Bescheidbeschwerde – Einzel – Erkenntnis des BFG vom 11.05.2016, RV/7500321/2016

Verspäteter Einspruch gegen eine Strafverfügung

Rechtssätze

Keine Rechtssätze vorhanden

Entscheidungstext

IM NAMEN DER REPUBLIK

Das Bundesfinanzgericht hat durch den Richter Dr. Rudolf Wanke über die Beschwerde der Krisztina F*****, *****Adresse_NÖ*****, vom 15. 2 .2016 gegen den Bescheid des Magistrates der Stadt Wien, Magistratsabteilung 67 Parkraumüberwachung, 1200 Wien, Dresdner Straße 81-85, vom 20. 1. 2016, MA 67-PA-765*****/5/0, wonach der Einspruch gegen die Strafverfügung vom 17. 11. 2015 zur Zahl MA 67-PA-765*****/5/0, womit über die Beschwerdeführerin wegen Übertretung des § 5 Abs. 2 Wiener Parkometerabgabeverordnung i. V. m. § 4 Abs. 1 Wiener Parkometergesetz 2006 eine Geldstrafe von 70,00 EUR, im Nichteinbringungsfalle eine Ersatzfreiheitsstrafe in der Dauer von 14 Stunden verhängt wurde, gemäß § 49 Abs. 1 Verwaltungsstrafgesetz 1991 - VStG wegen Verspätung zurückgewiesen wurde, zu Recht erkannt:

I. Gemäß § 50 Verwaltungsgerichtsverfahrensgesetz (VwGVG) in Verbindung mit § 24 Abs. 1 Bundesfinanzgerichtsgesetz (BFGG) und § 5 Gesetz über das Wiener Abgabenorganisationsrecht (WAOR) wird die Beschwerde als unbegründet abgewiesen.

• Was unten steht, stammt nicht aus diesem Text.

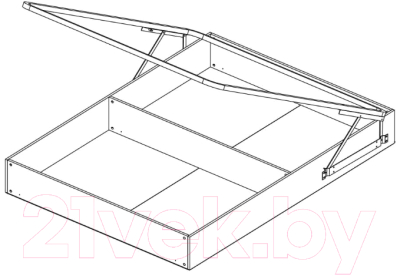 Полуторная кровать Anrex Oskar 140 с ПМ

Der Spruch des angefochtenen Bescheides bleibt unverändert.

II. Gegen dieses Erkenntnis ist gemäß Art. 133 Abs. 4 Bundes-Verfassungsgesetz (B-VG) eine Revision durch die vor dem Bundesfinanzgericht belangte Behörde nicht zulässig.

Entscheidungsgründe

Strafverfügung vom 17. 11. 2015

Der Magistrat der Stadt Wien, Magistratsabteilung 67 Parkraumüberwachung, erließ gegenüber der Beschwerdeführerin (Bf) Krisztina F***** folgende Strafverfügung:

Strafverfügung vom 17. 11. 2015, MA 67-PA-765*****/5/0, betreffend folgende Verwaltungsübertretung:

Angelastete Verwaltungsübertretung

Sie haben am 2.9.2015 um 14:40 Uhr in der gebührenpflichtigen Kurzparkzone in Wien 15, Benedikt-Schellinger 31 mit dem mehrspurigen Kraftfahrzeug mit dem behördlichen Kennzeichen WB-6***** folgende Verwaltungsübertretung begangen: Abstellen des Fahrzeuges, ohne für seine Kennzeichnung mit einem für den Beanstandungszeitpunkt gültigen Parkschein gesorgt zu haben. Demnach haben Sie die Parkometerabgabe fahrlässig verkürzt.

In der Strafverfügung wurde eine Geldstrafe von 70 € (Ersatzfreiheitsstrafe 14 Stunden) verhängt:

Sie haben dadurch folgende Rechtsvorschriften verletzt:
§ 5 Abs. 2 Parkometerabgabeverordnung, ABl. der Stadt Wien Nr. 51/2005, in der geltenden Fassung, in Verbindung mit § 4 Abs. 1 Parkometergesetz 2006, LGBl. für Wien Nr. 9/2006, in der geltenden Fassung.
Gemäß § 4 Abs. 1 Parkometergesetz 2006 wird wegen dieser Verwaltungsübertretung über Sie folgende Strafe verhängt: Geldstrafe in der Höhe von ****70,00 EUR, falls diese uneinbringlich ist, Ersatzfreiheitstrafe von 14 Stunden.
Allfällig im gegenständlichen Verfahren bereits geleistete Zahlungen wurden auf die verhängte Geldstrafe angerechnet (siehe Zahlschein).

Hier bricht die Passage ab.